Y’know how those rascals in Washington are all twisted around whether or not judicial nominees should be rendered filibuster-proof in a move called "the nuclear option" in an attempt to make it sound more extreme than it is?
I’m all for that.
The use of filibusters to thwart judicial nominees is a new thing in American politics, and I see nothing wrong with using the tactic to prevent it from happening.
In fact, I’m rather cool towards filibusters as a whole: The idea is not in the U.S. Constitution. In fact, the Senate didn’t originally have filibusters. The institution was created when the Senate accidentally deleted a measure from its rules that allowed the closing of debates that had gotten out of hand. It was years before folks got around to applying the loophole to thwart the passage of legislation supported by the majority and, by extension, the will of the people.
Consequently, I’m quite open to the idea of getting rid of the filibuster altogether. U.S. law already has lots of safeguards built into it to protect the interests of groups in the minority (the Bill of Rights being a notable example), and the use of cheap parliamentary tactics to further thwart the will of the majority doesn’t seem quite cricket to me. If there need to be more measures to protect the interests of those whose legislators are not a majority, let straightforward measures be enacted to protect them. Let’s not rely on unworthy phony debates that aren’t real debates at all but simply obstructionism (and which, these days, don’t even literally go on all night).

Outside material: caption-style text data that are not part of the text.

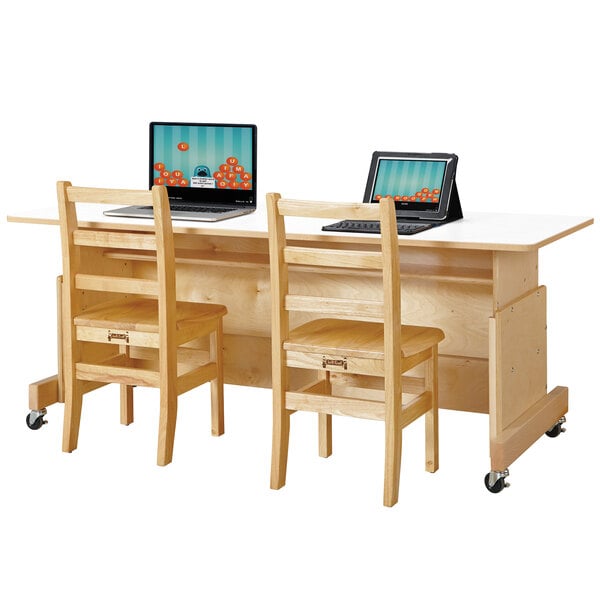 A Jonti-Craft double computer desk with two laptops on it with a white laminate top and natural wood finish.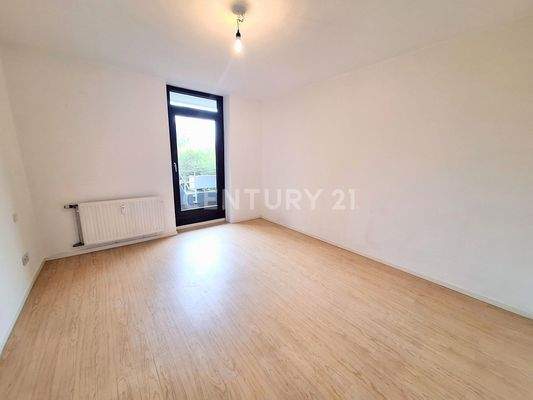 Schlafzimmer mit Zugang zum Balkon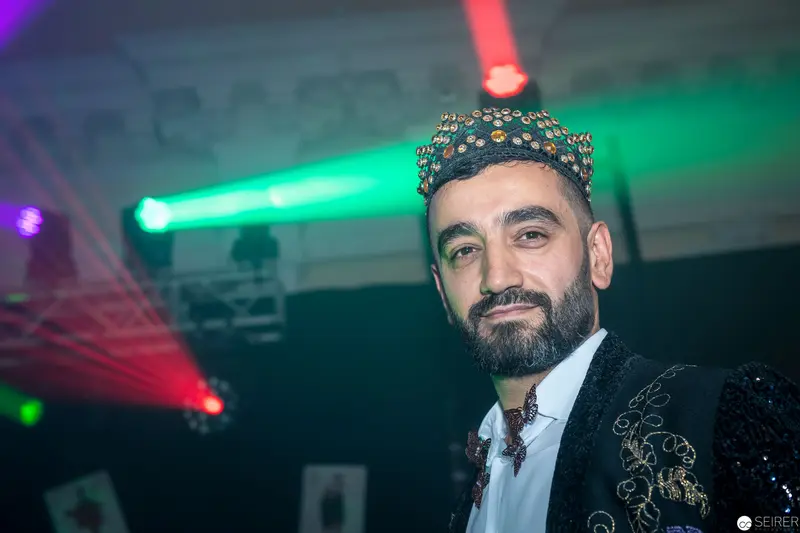 Ornate Performance Portrait with Laser Stage Lighting and Decorative Headwear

Thing is: While it may (under current rules) take 60 votes to end a filibuster, the filibuster rule itself can be scrapped by only a simple majority.
The Constitution provides only a single method – the constitutional amendment process – to entrench a rule against repeal by a majority. If Democrats were correct that rules can be insulated from majority amendment, a bare majority in each House could have passed the Bill of Rights and made it our fundamental law by declaring that only unanimous votes by both Houses could pass legislation violating its principles. The Democratic view also conflicts with a principle known since before the framing of the Constitution that one legislature cannot bind subsequent legislatures.
The . . . constitutionally correct view is that the Senate can choose to retain the filibuster rule, but that a majority must be able to change it. The Senate can thereby exercise its full constitutional authority to fashion rules of procedure but past majorities of the Senate cannot put current majorities in a procedural straitjacket. Thus, a change in the filibuster rule by a majority is not a "nuclear" option but instead the constitutional option – the route contemplated by our founding document.
That’s a quotation from
THIS INTERESTING STORY ON "THE CONSTITUTIONAL OPTION."
Or you can go into
FASCINATING MIND-NUMBING DETAIL ON THE HISTORY OF THE FILIBUSTER AND THE CONSTITUTIONAL OPTION. (WARNING! Evil file format [.pdf]!)
The filibuster should not go away by pieces, but entirely, along with the practice of allowing home state senators to functionally veto nominations of people from their state.
Another interesting story on the “nuclear option”, and how it was used in the past.
http://www.nationalreview.com/comment/barnes200503070752.asp
…and which, these days, don’t even literally go on all night
Politicians these days are the laziest, most pampered, cowardly bums around. They don’t even have the guts anymore to force a real filibuster for more than a few hours, might interfere with their dinner plans or something.
I’m for a real filibuster (i.e. one that lasts for a few weeks even), but since there’s no chance of seeing that, I’m all for the constitutional recorded majority vote advise and consent by the democratically elected branch of government known as the senate option.
The Nuclear Option
The Democrats are abusing the filibuster to block judges who would show some restraint. Since the judiciary – particularly the Supreme Court – has no effective checks and balances on its power, the nuclear option is necessary.
Fillibustering nominees to office is a clear violation of the spirit of the Constitution but not the letter. The remedy is recess appointments. Maybe the President can find a core of retired lawyers who think like Glendon, Arkes and George to serve on SCOTUS in interim appointments until the Senate gets around to confirming his nominees. That would get the Democrats moving on the President’s nominees.
By this same logic, we should go back to the ideal held in this country before Andrew Jackson that the President can only use the veto power against obviously unconstitutional legislation.
After all we don’t want the use of cheap parliamentary tactics to further thwart the will of the majority. But each their own.
At the time, some people called Andrew Jackson a dictator for his use of the veto. But tradition makes things Hallow that would otherwise be silly.
Gerrymandering, filibusters, and vetoes all distort the “ideal” democratic process. Everyone opposes their use done by the other side, but few seem to complain when it benefits them.
The purpose of the Senate is to make change slow. The Founders did not want wholesale change in the result of one election, but wanted time to curb passions. Conservatives who curse this function now probably thanked the heavens for it during the New Deal and the Great Society.